• _WHAT IS REQUIRED_: Repeat only the lines below from the one containing "Bobina de ignição" through the one containing "Quadrant Dub", inclusive, exactly as written.

[Records from a collection]

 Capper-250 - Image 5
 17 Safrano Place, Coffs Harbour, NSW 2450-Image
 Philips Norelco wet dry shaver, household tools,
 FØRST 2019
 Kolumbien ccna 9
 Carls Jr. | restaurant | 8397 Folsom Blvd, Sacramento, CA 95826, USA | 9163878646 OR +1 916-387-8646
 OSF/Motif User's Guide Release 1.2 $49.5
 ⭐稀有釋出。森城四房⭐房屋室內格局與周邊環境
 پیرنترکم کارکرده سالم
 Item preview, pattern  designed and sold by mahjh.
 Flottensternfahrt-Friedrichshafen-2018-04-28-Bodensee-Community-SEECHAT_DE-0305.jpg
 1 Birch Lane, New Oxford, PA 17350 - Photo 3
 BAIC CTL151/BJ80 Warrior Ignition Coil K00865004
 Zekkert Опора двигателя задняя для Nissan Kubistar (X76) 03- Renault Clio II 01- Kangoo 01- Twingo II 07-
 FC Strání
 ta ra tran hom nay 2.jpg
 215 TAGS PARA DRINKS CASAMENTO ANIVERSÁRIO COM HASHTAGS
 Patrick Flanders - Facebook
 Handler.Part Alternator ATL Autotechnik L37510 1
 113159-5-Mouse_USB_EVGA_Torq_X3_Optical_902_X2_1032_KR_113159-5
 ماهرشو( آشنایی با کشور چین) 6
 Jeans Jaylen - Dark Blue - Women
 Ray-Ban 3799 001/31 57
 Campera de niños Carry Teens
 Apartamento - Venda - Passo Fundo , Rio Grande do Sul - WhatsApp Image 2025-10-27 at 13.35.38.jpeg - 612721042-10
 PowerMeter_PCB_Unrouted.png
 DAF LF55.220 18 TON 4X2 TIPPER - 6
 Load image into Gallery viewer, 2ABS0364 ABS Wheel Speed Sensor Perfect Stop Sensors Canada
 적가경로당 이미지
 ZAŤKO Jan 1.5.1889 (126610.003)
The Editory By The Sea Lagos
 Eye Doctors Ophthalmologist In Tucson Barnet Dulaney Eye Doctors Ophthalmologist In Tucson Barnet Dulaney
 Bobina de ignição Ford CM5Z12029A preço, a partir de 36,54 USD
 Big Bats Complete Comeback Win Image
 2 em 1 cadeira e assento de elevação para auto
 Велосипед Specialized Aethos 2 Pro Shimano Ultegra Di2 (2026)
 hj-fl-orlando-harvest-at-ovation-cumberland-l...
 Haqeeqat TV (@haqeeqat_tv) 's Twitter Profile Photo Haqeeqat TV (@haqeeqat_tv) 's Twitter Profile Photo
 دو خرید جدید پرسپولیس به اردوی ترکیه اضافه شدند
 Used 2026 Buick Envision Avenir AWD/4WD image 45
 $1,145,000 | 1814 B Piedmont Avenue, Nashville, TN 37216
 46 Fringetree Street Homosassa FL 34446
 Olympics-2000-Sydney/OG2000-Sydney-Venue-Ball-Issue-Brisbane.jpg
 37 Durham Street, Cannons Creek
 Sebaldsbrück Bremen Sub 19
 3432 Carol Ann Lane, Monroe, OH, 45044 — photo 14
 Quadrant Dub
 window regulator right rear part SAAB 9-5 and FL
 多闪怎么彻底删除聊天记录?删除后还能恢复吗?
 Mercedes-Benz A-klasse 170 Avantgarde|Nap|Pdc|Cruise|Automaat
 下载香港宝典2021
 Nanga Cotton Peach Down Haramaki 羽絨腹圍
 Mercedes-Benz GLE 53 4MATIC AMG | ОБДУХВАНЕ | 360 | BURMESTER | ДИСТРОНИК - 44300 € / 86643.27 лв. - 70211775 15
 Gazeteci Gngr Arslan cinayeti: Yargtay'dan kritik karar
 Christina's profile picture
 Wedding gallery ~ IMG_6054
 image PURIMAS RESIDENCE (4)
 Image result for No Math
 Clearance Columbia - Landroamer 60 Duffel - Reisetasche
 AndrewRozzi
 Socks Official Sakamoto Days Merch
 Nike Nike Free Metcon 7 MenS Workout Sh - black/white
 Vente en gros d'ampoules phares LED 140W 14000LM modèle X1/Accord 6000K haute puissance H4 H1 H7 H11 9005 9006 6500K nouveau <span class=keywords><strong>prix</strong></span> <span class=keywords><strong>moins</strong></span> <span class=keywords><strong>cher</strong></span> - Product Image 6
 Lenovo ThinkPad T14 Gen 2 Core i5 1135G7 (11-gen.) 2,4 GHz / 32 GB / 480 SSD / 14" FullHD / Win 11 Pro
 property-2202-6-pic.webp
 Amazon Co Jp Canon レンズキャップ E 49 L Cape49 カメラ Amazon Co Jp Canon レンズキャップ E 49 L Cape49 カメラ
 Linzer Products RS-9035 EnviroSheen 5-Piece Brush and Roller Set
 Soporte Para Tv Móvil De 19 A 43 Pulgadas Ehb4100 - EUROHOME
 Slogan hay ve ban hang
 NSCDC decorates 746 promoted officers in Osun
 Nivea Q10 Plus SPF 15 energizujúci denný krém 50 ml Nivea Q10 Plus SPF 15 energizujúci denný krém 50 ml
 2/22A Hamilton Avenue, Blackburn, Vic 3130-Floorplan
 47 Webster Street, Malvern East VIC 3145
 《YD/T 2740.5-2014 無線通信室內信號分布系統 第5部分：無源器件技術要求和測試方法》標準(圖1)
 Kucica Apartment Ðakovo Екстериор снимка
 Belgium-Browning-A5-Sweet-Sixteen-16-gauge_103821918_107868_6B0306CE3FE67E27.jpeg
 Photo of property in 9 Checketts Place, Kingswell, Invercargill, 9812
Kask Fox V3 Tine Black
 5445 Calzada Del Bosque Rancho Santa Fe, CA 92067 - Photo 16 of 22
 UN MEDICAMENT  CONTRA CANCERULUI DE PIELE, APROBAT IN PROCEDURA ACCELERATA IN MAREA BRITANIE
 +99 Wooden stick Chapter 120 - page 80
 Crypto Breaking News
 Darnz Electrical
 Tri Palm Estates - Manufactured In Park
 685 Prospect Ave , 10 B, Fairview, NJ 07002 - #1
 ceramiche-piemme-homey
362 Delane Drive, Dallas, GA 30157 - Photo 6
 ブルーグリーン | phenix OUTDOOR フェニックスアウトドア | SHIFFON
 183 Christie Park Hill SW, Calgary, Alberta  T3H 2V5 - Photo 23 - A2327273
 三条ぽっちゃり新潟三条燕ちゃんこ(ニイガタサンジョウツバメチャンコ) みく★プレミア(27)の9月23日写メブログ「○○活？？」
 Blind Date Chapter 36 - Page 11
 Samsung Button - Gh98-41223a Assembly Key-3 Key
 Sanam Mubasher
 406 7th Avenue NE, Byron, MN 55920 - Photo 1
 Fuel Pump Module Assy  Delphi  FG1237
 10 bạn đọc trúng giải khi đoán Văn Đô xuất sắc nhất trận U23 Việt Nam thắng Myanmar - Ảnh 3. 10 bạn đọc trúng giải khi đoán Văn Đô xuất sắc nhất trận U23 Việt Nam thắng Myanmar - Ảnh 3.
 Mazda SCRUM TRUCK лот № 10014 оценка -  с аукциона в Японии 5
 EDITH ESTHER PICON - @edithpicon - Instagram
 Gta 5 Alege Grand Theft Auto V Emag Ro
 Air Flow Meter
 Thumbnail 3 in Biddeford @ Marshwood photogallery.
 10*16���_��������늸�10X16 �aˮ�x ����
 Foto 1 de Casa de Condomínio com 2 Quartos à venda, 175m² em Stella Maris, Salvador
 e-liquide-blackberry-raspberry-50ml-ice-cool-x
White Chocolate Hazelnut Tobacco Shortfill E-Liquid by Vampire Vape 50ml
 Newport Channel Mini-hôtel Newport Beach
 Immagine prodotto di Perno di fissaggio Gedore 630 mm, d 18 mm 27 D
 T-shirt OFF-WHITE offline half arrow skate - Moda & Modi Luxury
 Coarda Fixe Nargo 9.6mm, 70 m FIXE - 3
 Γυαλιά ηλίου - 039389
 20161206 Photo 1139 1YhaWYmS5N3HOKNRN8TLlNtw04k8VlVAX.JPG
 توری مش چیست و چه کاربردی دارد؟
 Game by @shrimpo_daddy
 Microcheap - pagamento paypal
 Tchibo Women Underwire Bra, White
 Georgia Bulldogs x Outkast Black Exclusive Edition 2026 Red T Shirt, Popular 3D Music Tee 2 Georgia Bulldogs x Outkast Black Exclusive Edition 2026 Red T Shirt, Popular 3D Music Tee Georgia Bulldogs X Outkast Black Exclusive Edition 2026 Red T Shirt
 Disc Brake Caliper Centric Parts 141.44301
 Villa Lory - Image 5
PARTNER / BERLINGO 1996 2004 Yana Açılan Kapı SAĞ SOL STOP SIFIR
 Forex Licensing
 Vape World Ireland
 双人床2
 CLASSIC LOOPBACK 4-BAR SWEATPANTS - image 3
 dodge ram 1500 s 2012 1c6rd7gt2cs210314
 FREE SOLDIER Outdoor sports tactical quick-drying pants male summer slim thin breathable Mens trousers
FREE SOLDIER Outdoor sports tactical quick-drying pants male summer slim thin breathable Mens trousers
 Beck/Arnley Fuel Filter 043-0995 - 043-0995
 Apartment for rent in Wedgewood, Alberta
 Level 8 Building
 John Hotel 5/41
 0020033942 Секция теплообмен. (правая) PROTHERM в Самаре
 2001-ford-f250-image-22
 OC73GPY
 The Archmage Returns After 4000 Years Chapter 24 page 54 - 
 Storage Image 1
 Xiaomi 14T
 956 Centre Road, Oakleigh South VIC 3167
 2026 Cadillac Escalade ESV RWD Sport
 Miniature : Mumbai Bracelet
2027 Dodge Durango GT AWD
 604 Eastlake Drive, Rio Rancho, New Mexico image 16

• _COMPLETED EXERCISE_:
 Bobina de ignição Ford CM5Z12029A preço, a partir de 36,54 USD
 Big Bats Complete Comeback Win Image
 2 em 1 cadeira e assento de elevação para auto
 Велосипед Specialized Aethos 2 Pro Shimano Ultegra Di2 (2026)
 hj-fl-orlando-harvest-at-ovation-cumberland-l...
 Haqeeqat TV (@haqeeqat_tv) 's Twitter Profile Photo Haqeeqat TV (@haqeeqat_tv) 's Twitter Profile Photo
 دو خرید جدید پرسپولیس به اردوی ترکیه اضافه شدند
 Used 2026 Buick Envision Avenir AWD/4WD image 45
 $1,145,000 | 1814 B Piedmont Avenue, Nashville, TN 37216
 46 Fringetree Street Homosassa FL 34446
 Olympics-2000-Sydney/OG2000-Sydney-Venue-Ball-Issue-Brisbane.jpg
 37 Durham Street, Cannons Creek
 Sebaldsbrück Bremen Sub 19
 3432 Carol Ann Lane, Monroe, OH, 45044 — photo 14
 Quadrant Dub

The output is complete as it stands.